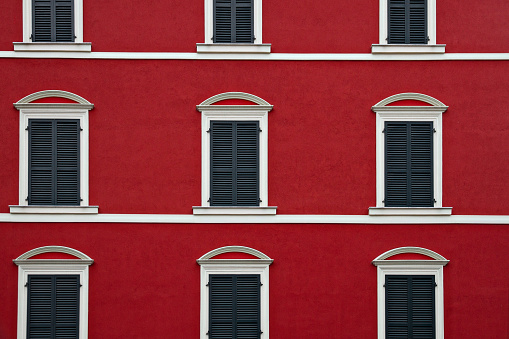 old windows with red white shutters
--
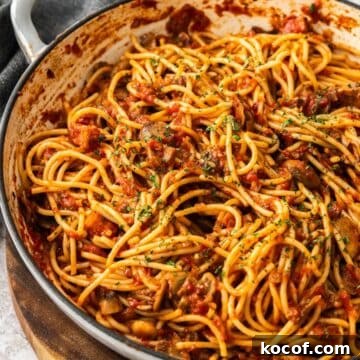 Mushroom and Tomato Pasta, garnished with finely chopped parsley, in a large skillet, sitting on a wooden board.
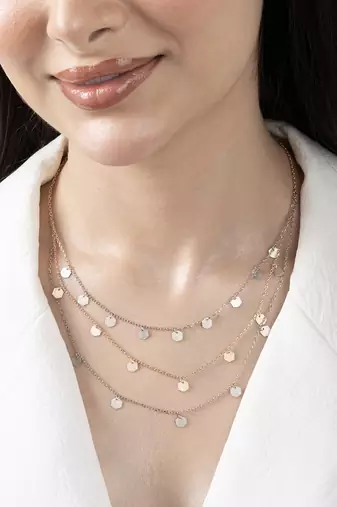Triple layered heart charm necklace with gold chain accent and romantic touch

## Action item
Your answer should be the exact lines above from the one containing "Mushroom and Tomato" through the one containing "Triple layered heart", with both end lines kept and the pictures removed, please.

## Solution to this problem
 Mushroom and Tomato Pasta, garnished with finely chopped parsley, in a large skillet, sitting on a wooden board.
Triple layered heart charm necklace with gold chain accent and romantic touch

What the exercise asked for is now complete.